WHAT THIS TASK INVOLVES:
Set down every record below exactly as it stands, with the pictures omitted.

▼

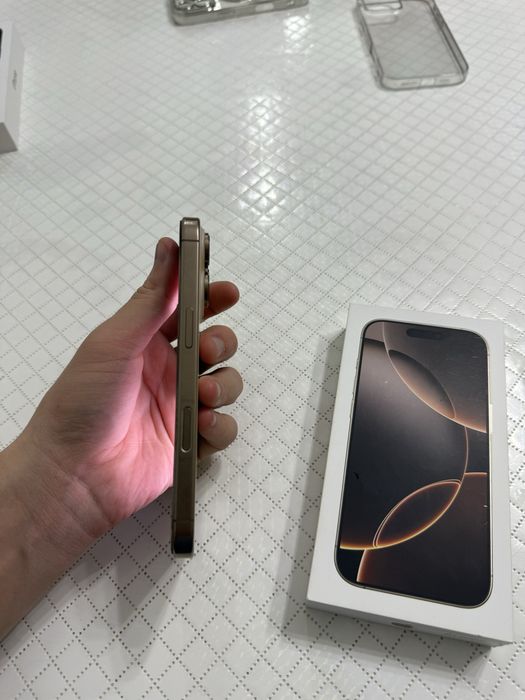 Продам iphone 16 pro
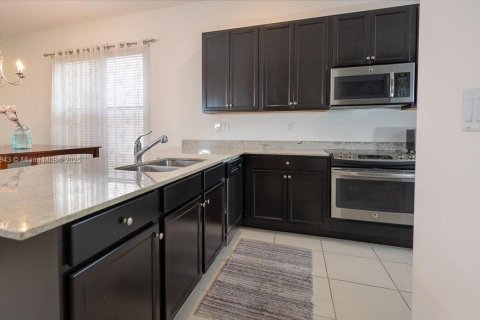 Casa en venta en Hialeah, Florida, 4 dormitorios, 226.03 m2 № 1748682 - foto 22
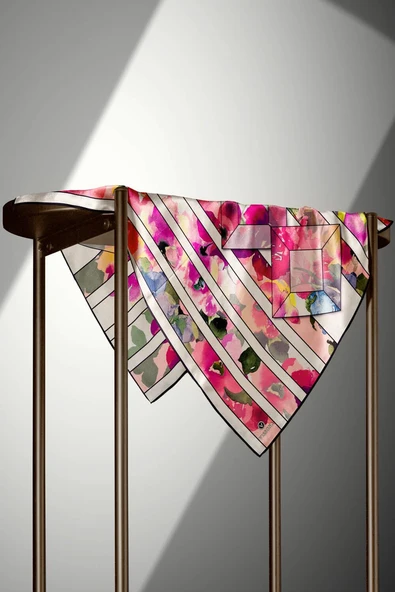 %100 Twill İpek Bahar Çiçekleri Desenli Mürdüm - Bebe Mavisi Renkli 90x90 Eşarp Kenar Dikiş Şekli El Dikişli - Resim 4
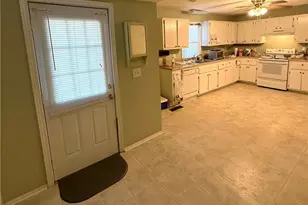 1740 Spring St, Conyers, GA 30012 - Photo 13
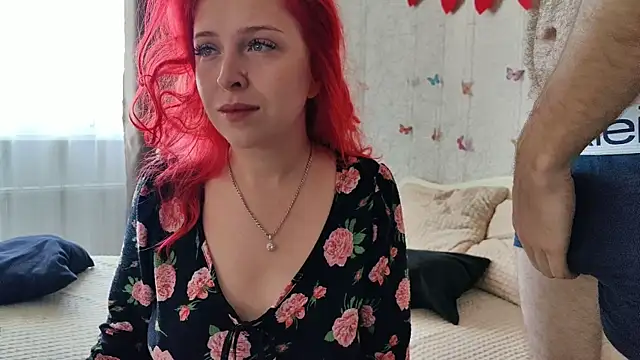 Snapshot of GenrikhBecca chatting on November 3, 2025, 7:02 am GenrikhBecca online show from November 3, 2025, 7:02 am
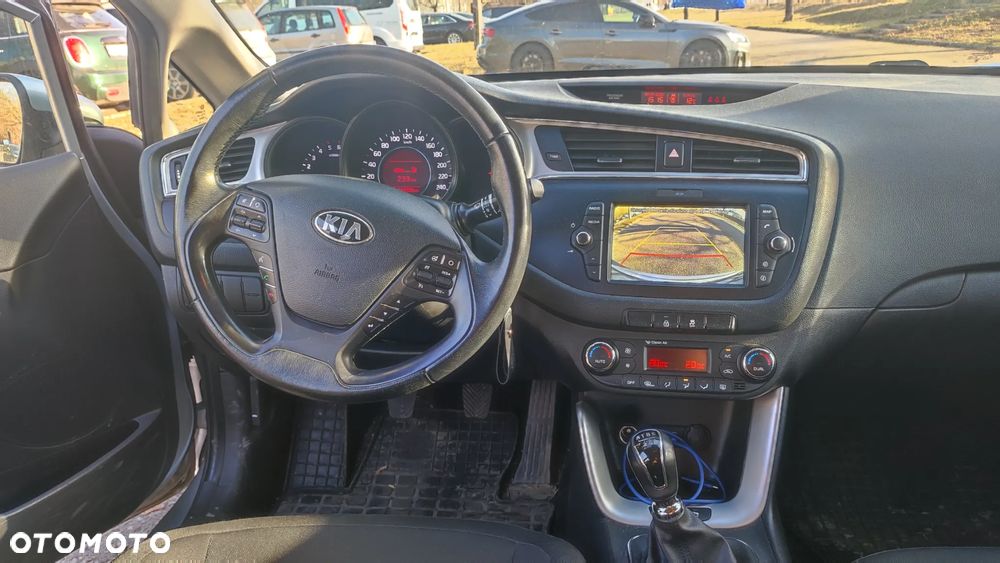 Kia Ceed 1.6 CRDi L - 3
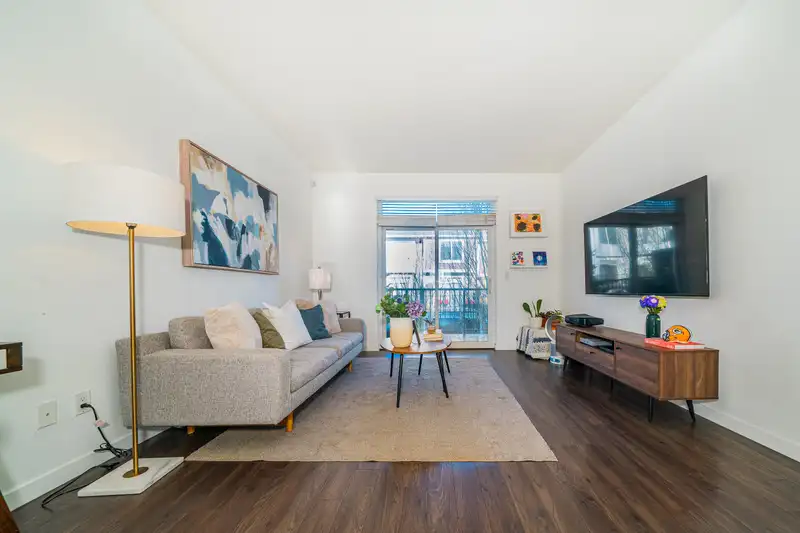 5 14955 60 AVENUE - photo 4 of 28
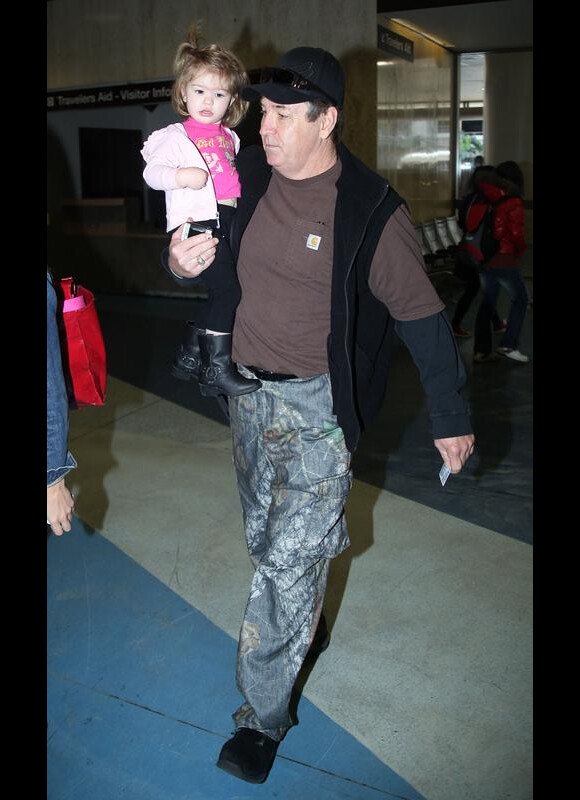 La petite Maddie avec son grand-père, Jamie Spears, à Los Angeles, en février 2010.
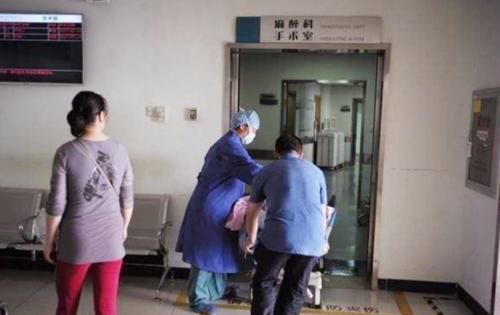 泪目|产妇“偷偷”给医生塞了一张纸条,医生看完泪目,太心酸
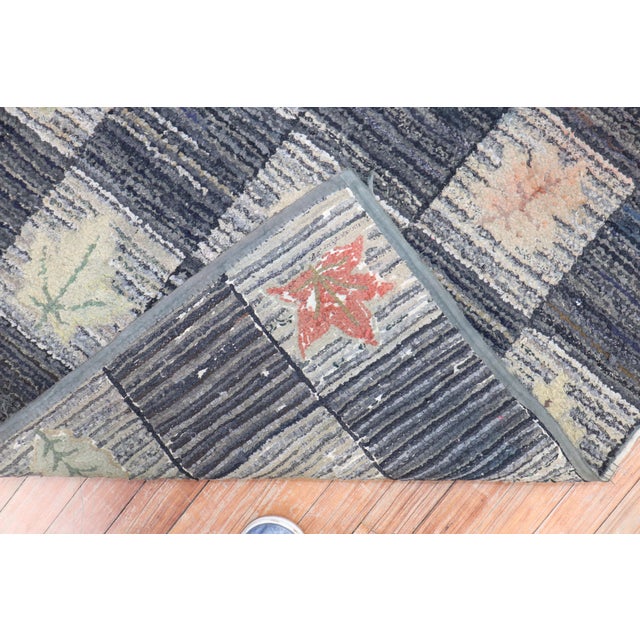 Contemporary Mid 20th Century Floral Leaf Design American Hooked Scatter Rug For Sale - Image 3 of 18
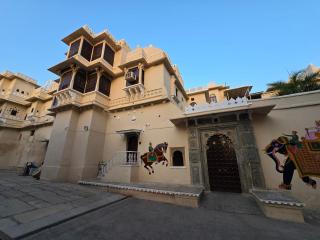 Royal Retreat at the 450-Year-Old Bhindar palace, bhindar, Udaipur - Bhīndar - 9
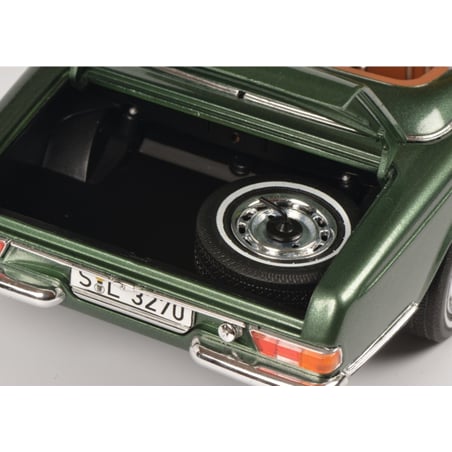 1:18 Mercedes Benz 280 SL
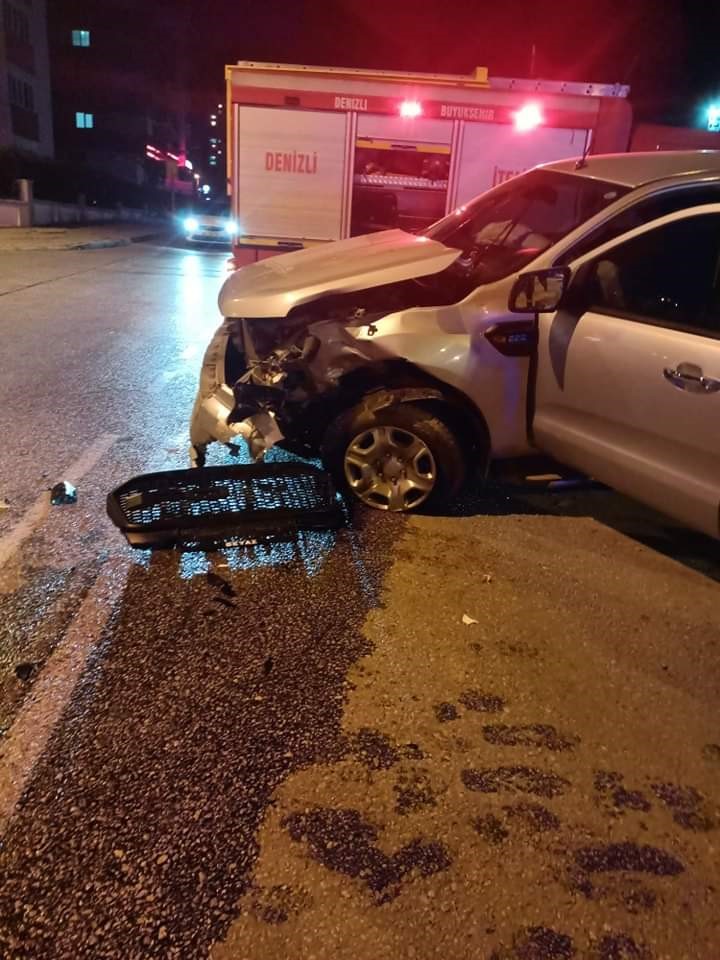 Denizli’de iki otomobil çarpıştı: 4 yaralı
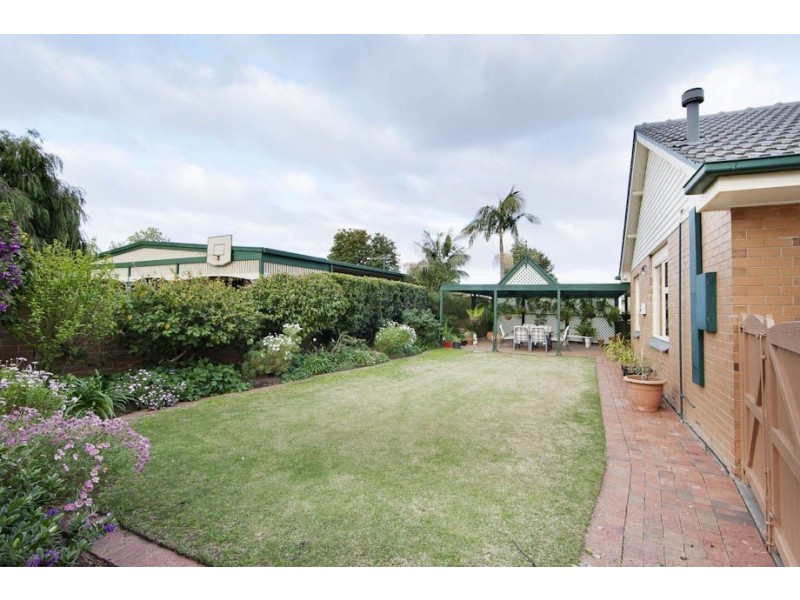 17 Silver Crescent, Grange SA 5022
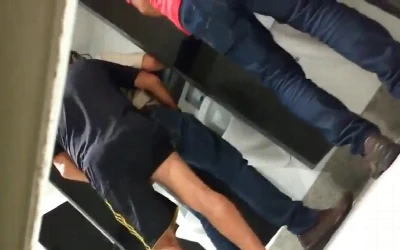 Machos são flagrados empolgadíssimos no banheirão público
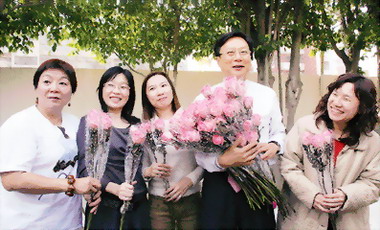 菜價下跌卓伯源促銷蔬菜 花卉(圖)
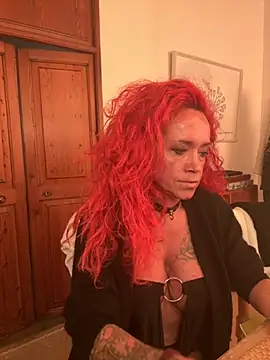 Hotmilfhamburg1 online show from 11-18-25, 05:01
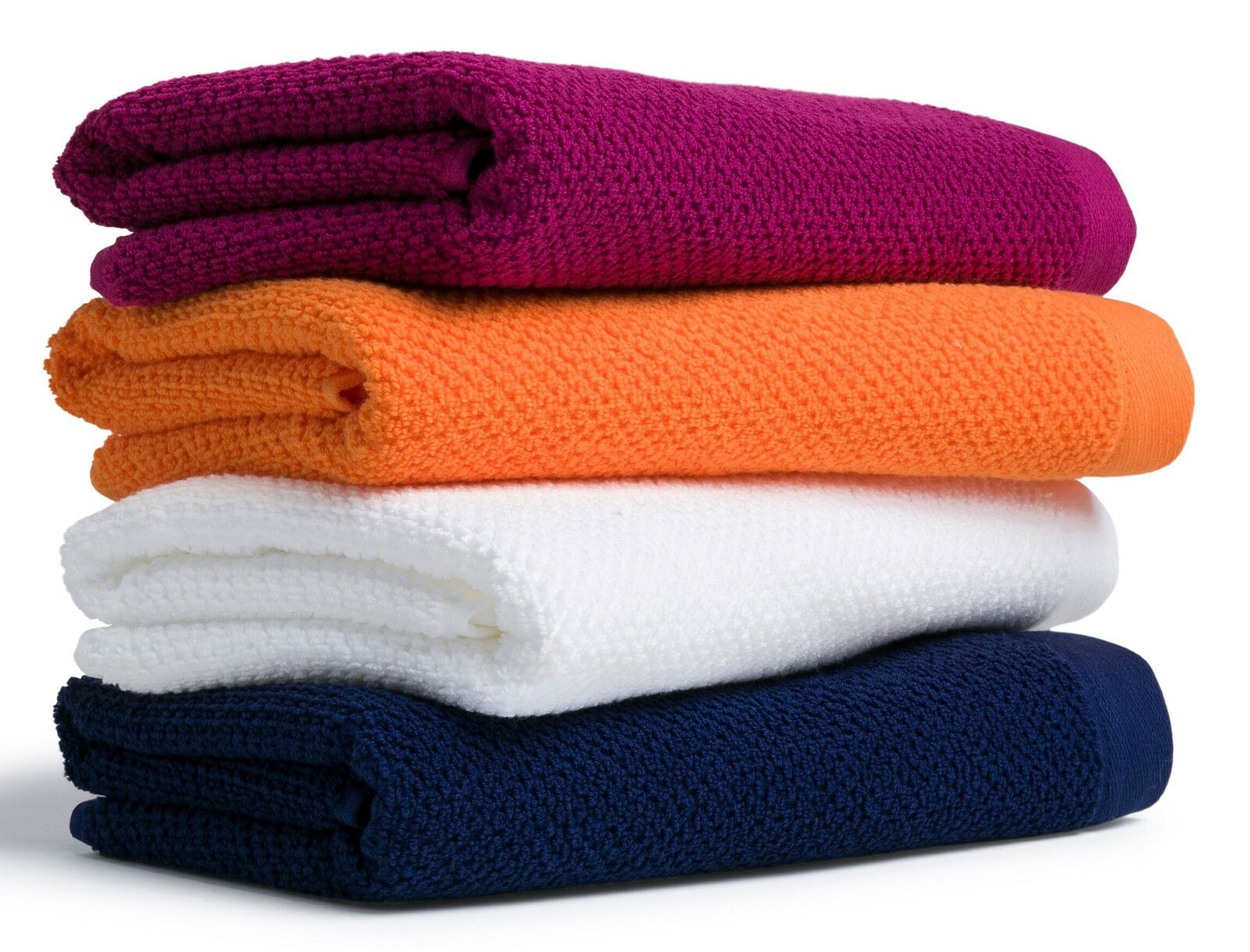 Vier gefaltete Handtücher in verschiedenen Farben, von oben nach unten: lila, orange, weiß und dunkelblau, seitliche Perspektive.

▲

EXERCISE SOLUTION:
 Продам iphone 16 pro
 Casa en venta en Hialeah, Florida, 4 dormitorios, 226.03 m2 № 1748682 - foto 22
 %100 Twill İpek Bahar Çiçekleri Desenli Mürdüm - Bebe Mavisi Renkli 90x90 Eşarp Kenar Dikiş Şekli El Dikişli - Resim 4
 1740 Spring St, Conyers, GA 30012 - Photo 13
 Snapshot of GenrikhBecca chatting on November 3, 2025, 7:02 am GenrikhBecca online show from November 3, 2025, 7:02 am
 Kia Ceed 1.6 CRDi L - 3
 5 14955 60 AVENUE - photo 4 of 28
 La petite Maddie avec son grand-père, Jamie Spears, à Los Angeles, en février 2010.
 泪目|产妇“偷偷”给医生塞了一张纸条,医生看完泪目,太心酸
 Contemporary Mid 20th Century Floral Leaf Design American Hooked Scatter Rug For Sale - Image 3 of 18
 Royal Retreat at the 450-Year-Old Bhindar palace, bhindar, Udaipur - Bhīndar - 9
 1:18 Mercedes Benz 280 SL
 Denizli’de iki otomobil çarpıştı: 4 yaralı
 17 Silver Crescent, Grange SA 5022
 Machos são flagrados empolgadíssimos no banheirão público
 菜價下跌卓伯源促銷蔬菜 花卉(圖)
 Hotmilfhamburg1 online show from 11-18-25, 05:01
 Vier gefaltete Handtücher in verschiedenen Farben, von oben nach unten: lila, orange, weiß und dunkelblau, seitliche Perspektive.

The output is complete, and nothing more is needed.